Did you know that Olive Garden is an awful joke of a restaurant and no one likes to eat there? That’s the impression you’d get from stand-up comedians and late night talk show hosts, yet most people I know like it. Their parking lot is always full so their business seems to be doing ok. Yet somehow, Olive Garden has become a target for jokes. I think one main reason is that people today don’t care if something is true or not, they just want to follow the trend and be in on the joke. So someone laughs off how bad Olive Garden is because other people did it, too.
This happened to Sarah Palin. This is not a political point and I’m not saying one thing or another about her politically. But this is about perception. Tina Fey famously impersonated her on Saturday Night Live during the 2008 campaign. Tina’s caricature of Palin said “I can see Russia from my house.” That is the quote people now often attribute to Palin. However, what Palin actually said was “They’re our next door neighbors and you can actually see Russia from land here in Alaska, from an island in Alaska.”
This kind of thing happens all the time in politics but also in simple things like movie quotes and song lyrics. It’s like the telephone game kids play where you whisper a message from one person to another and as it progresses, you find that the message has changed over time.
A famous movie quote regarding truth comes from Jack Nicholson in A Few Good Men: “You can’t handle the truth!” His character’s take is that there are truths in life that we sometimes would rather not know about. We’d rather ignore them and go along with the popular perceptions, or keep our heads in the sand altogether.
The prophets in the Old Testament knew a lot about trying to speak truth to a people that preferred popular perceptions. They dealt with kings who only wanted to hear good fortunes, and people that only listened to what they wanted to hear. Not only did that problem extend to the New Testament era as well, but is a problem with humanity of any time period.
2 Timothy 4:3-4 says “For the time will come when people will not put up with sound doctrine.

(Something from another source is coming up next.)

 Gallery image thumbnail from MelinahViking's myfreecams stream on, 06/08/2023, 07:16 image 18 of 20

Instead, to suit their own desires, they will gather around them a great number of teachers to say what their itching ears want to hear. They will turn their ears away from the truth and turn aside to myths.”

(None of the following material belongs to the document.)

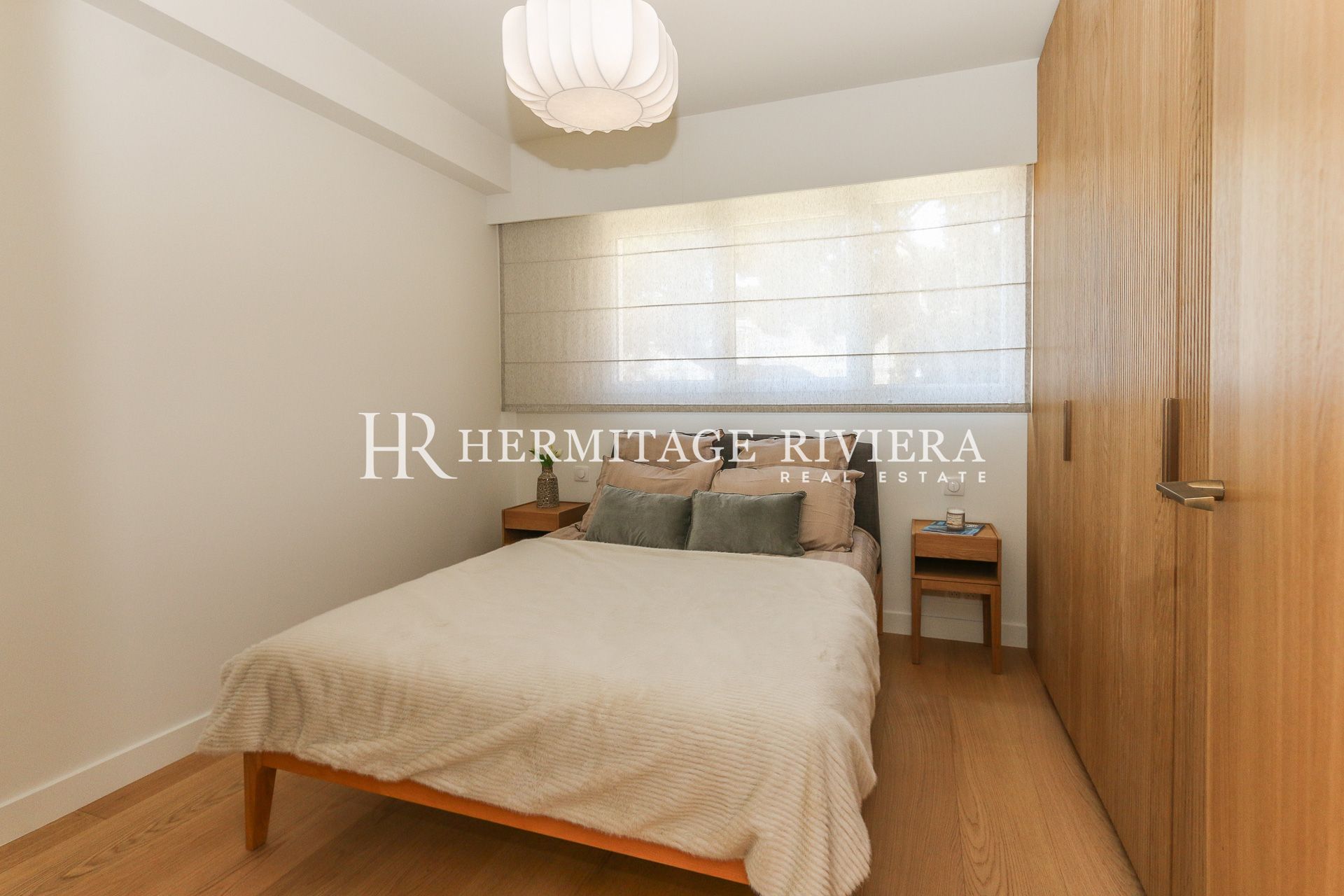 Renovated - Top floor apartment - Sea view -Terrace (image 20)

I’m going to begin taking a look at some misquotes, misperceptions and myths about Jesus, the Bible and Christianity. I’m not a Bible scholar but I did do some study in college toward my pastoral degree and I’ve observed plenty of poor perception of Jesus and the Church. Some things are simple enough to look at the context in the Bible or dig deeper into the story and find the truth.
“You want answers?”
“I want the truth.”
“You can’t handle the truth!”
I’ll end with a somewhat funny one that happens in church. At least it’s funny to me. In the song “A Mighty Fortress is Our God,” the last line of the first verse is “on earth is not his equal.” When this song is sung in church, you’ll inevitably find someone raise their hands or pump their fists in excitement. Yes! There is no equal to God on earth! Except, wait. Look at the lines just before that:
“For still our ancient foe
doth seek to work us woe
his craft and power are great
and armed with cruel hate
on earth is not his equal”
That portion talks about our ancient foe: the devil! He seeks to work us woe, he’s crafty and armed with CRUEL HATE. That’s not God, that’s the devil. On earth, there is no equal to how incredibly evil, cruel and hateful the devil is. In contrast, the song describes how our God is greater. But those specific lines are describing the devil. I always get a kick out of someone raising their hands in worship…singing about how there is no greater evil on earth than the cruel hate of satan.